## AIM OF THE TASK
Scan the entries below and return each line that contains "principles".

┌──

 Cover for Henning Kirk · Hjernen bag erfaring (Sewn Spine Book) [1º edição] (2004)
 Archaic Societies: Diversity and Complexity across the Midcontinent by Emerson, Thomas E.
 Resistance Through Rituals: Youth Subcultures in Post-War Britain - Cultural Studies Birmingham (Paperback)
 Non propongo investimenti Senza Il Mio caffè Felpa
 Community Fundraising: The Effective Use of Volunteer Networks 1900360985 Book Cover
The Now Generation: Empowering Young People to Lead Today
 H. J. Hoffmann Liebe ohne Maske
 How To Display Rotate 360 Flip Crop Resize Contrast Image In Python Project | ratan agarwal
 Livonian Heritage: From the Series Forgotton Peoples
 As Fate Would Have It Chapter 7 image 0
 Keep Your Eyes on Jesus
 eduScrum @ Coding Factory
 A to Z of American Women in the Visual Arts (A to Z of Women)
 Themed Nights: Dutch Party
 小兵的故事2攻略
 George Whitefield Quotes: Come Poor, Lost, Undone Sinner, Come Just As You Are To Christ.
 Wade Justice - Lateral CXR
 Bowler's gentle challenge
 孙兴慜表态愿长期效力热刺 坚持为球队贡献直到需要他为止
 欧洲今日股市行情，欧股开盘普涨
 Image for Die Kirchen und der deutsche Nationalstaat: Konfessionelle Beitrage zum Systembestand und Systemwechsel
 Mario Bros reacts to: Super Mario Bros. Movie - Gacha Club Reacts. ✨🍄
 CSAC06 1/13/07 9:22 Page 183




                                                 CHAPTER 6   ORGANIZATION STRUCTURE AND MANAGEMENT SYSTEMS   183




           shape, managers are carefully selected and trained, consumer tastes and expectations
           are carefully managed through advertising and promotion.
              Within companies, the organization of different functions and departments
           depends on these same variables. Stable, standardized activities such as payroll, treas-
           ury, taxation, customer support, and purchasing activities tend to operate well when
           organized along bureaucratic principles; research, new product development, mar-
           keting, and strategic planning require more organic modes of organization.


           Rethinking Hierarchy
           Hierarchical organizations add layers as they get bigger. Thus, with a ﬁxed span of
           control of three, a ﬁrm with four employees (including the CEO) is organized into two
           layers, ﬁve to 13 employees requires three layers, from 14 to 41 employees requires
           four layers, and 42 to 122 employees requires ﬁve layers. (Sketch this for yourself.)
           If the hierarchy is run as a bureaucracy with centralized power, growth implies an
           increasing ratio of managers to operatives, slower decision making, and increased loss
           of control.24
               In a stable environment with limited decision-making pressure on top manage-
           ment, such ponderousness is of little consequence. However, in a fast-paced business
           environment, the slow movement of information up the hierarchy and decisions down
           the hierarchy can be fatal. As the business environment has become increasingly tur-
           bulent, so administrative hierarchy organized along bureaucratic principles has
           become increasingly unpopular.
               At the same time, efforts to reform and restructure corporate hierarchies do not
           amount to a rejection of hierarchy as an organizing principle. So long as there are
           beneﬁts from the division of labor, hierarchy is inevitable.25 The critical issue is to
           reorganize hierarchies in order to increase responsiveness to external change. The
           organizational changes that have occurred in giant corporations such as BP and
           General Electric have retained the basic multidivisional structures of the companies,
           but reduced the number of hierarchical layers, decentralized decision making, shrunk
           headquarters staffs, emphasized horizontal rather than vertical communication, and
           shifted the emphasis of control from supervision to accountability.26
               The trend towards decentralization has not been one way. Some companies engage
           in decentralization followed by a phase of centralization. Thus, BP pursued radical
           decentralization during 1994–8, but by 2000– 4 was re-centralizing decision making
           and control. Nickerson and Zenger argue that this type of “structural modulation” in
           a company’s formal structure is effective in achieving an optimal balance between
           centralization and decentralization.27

└──

## PROBLEM SOLUTION
           organized along bureaucratic principles; research, new product development, mar-
           bulent, so administrative hierarchy organized along bureaucratic principles has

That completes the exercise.